**WHAT IS REQUIRED:** A verbatim reproduction of the lines below, from the line containing "Snapshot of Chloe_monroee" through the line containing "Hashtag Traveler'S Hostel", both ends included, is the whole required output.

(Saved entries)
=======
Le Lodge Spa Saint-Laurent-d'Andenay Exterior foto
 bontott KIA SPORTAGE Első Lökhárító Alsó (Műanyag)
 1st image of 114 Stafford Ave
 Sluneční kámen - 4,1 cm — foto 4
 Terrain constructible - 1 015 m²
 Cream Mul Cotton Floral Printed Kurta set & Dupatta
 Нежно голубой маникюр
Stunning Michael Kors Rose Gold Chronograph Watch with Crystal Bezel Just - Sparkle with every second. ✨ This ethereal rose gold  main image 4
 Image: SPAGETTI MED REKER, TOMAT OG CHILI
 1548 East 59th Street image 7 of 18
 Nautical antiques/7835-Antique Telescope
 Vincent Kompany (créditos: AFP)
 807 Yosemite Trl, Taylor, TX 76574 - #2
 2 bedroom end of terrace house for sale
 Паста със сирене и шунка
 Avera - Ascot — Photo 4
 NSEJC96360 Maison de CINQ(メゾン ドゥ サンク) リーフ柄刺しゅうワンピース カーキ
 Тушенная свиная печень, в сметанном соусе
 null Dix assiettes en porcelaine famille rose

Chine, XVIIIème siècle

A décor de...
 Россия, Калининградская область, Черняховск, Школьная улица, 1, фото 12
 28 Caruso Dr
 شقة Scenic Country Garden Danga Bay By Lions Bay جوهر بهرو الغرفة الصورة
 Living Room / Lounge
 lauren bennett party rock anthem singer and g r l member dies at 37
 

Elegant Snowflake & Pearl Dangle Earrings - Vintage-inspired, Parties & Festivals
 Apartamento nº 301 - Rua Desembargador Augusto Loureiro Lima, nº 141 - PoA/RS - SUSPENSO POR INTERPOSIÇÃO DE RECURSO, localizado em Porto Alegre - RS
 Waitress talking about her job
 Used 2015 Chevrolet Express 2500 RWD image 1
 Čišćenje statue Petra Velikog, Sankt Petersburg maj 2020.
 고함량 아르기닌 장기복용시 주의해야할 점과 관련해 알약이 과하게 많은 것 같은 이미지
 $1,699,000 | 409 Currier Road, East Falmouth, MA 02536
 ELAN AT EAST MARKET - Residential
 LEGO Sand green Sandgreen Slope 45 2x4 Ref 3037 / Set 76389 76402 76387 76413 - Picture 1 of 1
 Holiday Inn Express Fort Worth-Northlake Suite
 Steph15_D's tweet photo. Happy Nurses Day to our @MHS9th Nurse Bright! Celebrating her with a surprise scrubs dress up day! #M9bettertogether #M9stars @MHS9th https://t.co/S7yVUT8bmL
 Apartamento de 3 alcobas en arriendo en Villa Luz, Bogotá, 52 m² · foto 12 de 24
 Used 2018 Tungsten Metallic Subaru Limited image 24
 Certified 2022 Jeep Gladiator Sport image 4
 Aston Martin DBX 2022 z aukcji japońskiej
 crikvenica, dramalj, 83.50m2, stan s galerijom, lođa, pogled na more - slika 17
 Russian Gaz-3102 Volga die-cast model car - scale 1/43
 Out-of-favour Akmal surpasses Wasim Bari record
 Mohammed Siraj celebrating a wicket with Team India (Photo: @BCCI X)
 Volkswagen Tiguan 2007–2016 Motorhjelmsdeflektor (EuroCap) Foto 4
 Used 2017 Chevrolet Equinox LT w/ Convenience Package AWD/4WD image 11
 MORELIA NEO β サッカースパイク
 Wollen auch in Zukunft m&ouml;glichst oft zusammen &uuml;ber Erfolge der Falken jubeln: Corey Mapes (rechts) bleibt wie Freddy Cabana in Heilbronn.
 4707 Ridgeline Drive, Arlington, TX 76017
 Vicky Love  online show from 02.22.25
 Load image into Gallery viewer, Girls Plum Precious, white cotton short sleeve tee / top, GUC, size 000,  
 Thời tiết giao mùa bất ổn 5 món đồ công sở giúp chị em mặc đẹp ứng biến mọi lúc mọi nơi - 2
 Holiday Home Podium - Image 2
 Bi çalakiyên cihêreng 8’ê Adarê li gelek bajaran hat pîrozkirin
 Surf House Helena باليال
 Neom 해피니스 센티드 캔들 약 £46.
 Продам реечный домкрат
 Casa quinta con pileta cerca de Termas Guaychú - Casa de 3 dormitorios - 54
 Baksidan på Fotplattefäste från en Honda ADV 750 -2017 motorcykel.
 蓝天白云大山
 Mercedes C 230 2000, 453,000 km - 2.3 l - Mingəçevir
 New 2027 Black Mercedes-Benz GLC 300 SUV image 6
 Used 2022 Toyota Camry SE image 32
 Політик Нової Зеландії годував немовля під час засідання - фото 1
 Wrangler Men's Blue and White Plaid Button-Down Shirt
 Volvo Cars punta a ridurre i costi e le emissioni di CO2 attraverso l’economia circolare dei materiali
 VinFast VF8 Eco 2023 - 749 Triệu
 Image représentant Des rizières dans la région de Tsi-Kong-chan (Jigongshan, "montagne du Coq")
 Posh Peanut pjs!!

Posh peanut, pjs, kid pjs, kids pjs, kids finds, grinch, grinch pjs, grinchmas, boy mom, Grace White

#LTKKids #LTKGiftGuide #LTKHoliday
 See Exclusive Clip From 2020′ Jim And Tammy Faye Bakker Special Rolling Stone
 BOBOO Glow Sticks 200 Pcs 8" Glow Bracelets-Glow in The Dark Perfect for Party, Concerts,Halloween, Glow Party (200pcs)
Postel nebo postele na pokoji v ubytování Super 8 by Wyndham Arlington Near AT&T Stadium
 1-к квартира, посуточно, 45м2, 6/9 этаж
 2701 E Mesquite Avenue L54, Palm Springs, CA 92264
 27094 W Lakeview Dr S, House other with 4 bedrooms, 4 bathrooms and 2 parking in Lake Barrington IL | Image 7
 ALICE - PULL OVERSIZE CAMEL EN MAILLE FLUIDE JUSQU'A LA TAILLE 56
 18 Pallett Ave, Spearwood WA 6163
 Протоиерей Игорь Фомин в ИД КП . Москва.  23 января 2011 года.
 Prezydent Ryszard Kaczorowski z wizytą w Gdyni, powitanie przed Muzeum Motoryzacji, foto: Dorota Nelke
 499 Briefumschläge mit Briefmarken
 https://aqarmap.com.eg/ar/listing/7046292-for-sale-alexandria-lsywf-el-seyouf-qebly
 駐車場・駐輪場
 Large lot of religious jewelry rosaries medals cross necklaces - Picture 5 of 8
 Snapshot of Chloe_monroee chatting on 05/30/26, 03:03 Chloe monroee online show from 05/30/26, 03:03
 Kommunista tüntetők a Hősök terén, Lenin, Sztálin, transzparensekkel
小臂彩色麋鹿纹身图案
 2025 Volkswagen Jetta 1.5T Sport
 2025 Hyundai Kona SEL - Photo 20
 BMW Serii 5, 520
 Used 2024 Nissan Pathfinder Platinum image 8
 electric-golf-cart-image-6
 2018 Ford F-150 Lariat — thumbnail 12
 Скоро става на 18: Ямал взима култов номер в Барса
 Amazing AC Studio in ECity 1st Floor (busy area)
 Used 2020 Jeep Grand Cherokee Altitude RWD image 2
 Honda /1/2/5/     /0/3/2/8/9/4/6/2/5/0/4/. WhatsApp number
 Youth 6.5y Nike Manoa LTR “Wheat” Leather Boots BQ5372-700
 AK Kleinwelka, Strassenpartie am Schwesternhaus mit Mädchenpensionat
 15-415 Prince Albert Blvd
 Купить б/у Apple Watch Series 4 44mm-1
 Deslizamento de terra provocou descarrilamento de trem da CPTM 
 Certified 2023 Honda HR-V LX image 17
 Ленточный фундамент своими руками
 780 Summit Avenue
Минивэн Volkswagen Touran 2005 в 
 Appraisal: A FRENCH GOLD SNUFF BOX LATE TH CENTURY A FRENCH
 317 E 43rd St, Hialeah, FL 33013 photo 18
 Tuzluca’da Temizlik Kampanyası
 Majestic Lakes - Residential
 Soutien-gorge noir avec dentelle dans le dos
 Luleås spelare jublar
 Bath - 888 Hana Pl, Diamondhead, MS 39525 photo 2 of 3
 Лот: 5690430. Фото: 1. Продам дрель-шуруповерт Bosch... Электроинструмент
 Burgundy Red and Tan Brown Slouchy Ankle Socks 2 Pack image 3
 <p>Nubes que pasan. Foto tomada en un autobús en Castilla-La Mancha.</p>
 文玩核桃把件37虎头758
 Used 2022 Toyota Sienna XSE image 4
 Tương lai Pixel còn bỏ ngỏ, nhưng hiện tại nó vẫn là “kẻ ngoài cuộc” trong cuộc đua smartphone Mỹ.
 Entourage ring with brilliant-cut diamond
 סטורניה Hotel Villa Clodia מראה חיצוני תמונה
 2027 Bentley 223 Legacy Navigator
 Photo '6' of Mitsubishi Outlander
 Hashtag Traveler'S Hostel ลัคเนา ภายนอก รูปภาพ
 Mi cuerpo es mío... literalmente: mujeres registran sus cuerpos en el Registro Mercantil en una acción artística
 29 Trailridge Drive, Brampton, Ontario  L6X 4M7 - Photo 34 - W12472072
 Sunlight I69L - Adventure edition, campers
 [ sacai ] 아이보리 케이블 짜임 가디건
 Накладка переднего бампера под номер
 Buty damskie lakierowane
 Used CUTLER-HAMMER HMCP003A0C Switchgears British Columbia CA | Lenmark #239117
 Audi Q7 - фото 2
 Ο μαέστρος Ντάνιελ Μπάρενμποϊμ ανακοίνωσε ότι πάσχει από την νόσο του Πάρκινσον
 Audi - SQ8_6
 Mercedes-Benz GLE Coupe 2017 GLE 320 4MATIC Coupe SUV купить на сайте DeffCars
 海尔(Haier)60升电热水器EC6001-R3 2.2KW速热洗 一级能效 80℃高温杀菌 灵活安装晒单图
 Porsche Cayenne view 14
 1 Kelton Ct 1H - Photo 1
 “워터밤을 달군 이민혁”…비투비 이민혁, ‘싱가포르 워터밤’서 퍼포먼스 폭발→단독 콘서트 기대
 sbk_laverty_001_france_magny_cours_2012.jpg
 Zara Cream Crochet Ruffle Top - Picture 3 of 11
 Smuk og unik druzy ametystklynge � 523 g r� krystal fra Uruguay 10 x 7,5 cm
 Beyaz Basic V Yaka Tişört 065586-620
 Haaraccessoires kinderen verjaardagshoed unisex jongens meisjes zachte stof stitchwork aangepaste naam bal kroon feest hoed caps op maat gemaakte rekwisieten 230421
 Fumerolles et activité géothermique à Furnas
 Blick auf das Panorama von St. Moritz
=======
**FINAL ANSWER:**
 Snapshot of Chloe_monroee chatting on 05/30/26, 03:03 Chloe monroee online show from 05/30/26, 03:03
 Kommunista tüntetők a Hősök terén, Lenin, Sztálin, transzparensekkel
小臂彩色麋鹿纹身图案
 2025 Volkswagen Jetta 1.5T Sport
 2025 Hyundai Kona SEL - Photo 20
 BMW Serii 5, 520
 Used 2024 Nissan Pathfinder Platinum image 8
 electric-golf-cart-image-6
 2018 Ford F-150 Lariat — thumbnail 12
 Скоро става на 18: Ямал взима култов номер в Барса
 Amazing AC Studio in ECity 1st Floor (busy area)
 Used 2020 Jeep Grand Cherokee Altitude RWD image 2
 Honda /1/2/5/     /0/3/2/8/9/4/6/2/5/0/4/. WhatsApp number
 Youth 6.5y Nike Manoa LTR “Wheat” Leather Boots BQ5372-700
 AK Kleinwelka, Strassenpartie am Schwesternhaus mit Mädchenpensionat
 15-415 Prince Albert Blvd
 Купить б/у Apple Watch Series 4 44mm-1
 Deslizamento de terra provocou descarrilamento de trem da CPTM 
 Certified 2023 Honda HR-V LX image 17
 Ленточный фундамент своими руками
 780 Summit Avenue
Минивэн Volkswagen Touran 2005 в 
 Appraisal: A FRENCH GOLD SNUFF BOX LATE TH CENTURY A FRENCH
 317 E 43rd St, Hialeah, FL 33013 photo 18
 Tuzluca’da Temizlik Kampanyası
 Majestic Lakes - Residential
 Soutien-gorge noir avec dentelle dans le dos
 Luleås spelare jublar
 Bath - 888 Hana Pl, Diamondhead, MS 39525 photo 2 of 3
 Лот: 5690430. Фото: 1. Продам дрель-шуруповерт Bosch... Электроинструмент
 Burgundy Red and Tan Brown Slouchy Ankle Socks 2 Pack image 3
 <p>Nubes que pasan. Foto tomada en un autobús en Castilla-La Mancha.</p>
 文玩核桃把件37虎头758
 Used 2022 Toyota Sienna XSE image 4
 Tương lai Pixel còn bỏ ngỏ, nhưng hiện tại nó vẫn là “kẻ ngoài cuộc” trong cuộc đua smartphone Mỹ.
 Entourage ring with brilliant-cut diamond
 סטורניה Hotel Villa Clodia מראה חיצוני תמונה
 2027 Bentley 223 Legacy Navigator
 Photo '6' of Mitsubishi Outlander
 Hashtag Traveler'S Hostel ลัคเนา ภายนอก รูปภาพ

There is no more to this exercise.